University of Illinois models a Big One along the New Madrid fault, which runs from Southern Illinois to northeastern Arkansas. The numbers are beyond staggering:

  • 86,000 casualties
  • 7.2 million homeless
  • 2 million in temporary shelters
  • 2.6 million homes without electricity
  • 425,000 ruptured pipelines
  • 3,500 damaged bridges, with 15 major bridges unusable (remember, this is along the confluence of the Missouri, Mississippi, Ohio and Cumberland rivers).
  • $300 billion of direct economic losses.

Insured losses are usually less than economic losses because public infrastructure like roads and bridges aren’t insured.

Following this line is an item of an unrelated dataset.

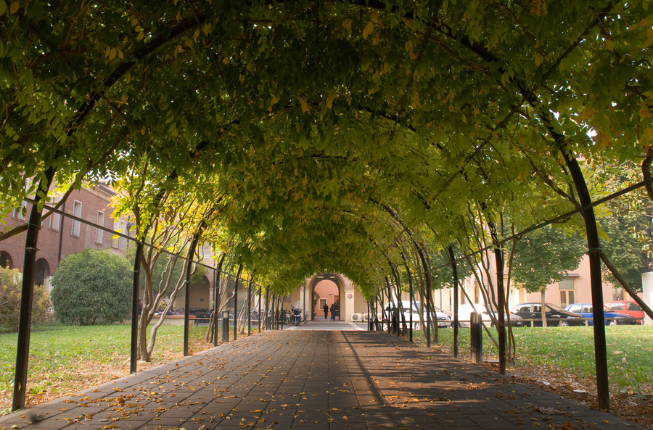 Collegamento a International Workshop Skew 2026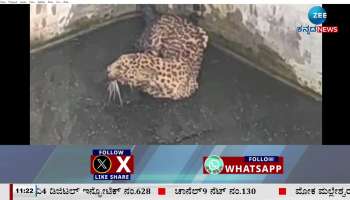 A leopard fell into a water tank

However the $300 billion estimate doesn’t include business interruption losses. The study estimates indirect losses, of which BI would be a part, would be around $600 billion. So I don’t think it’s a stretch to call this a $100 billion insurance event.

By contrast, Katrina, the worst U.S. catastrophe, generated about $45 billion in insured losses, adjusted for inflation. The 1994 Northridge earthquake came in at $18 billion.

Missouri and Tennessee absorb most of the wallop, since St. Louis and Memphis are the biggest nearby cities.

The entire study – all 350 megs of it – can be downloaded here.

Those who take the whistle-past-the-graveyard approach to ERM will prefer the Purdue and Northwestern experts. They believe the New Madrid fault is shutting down.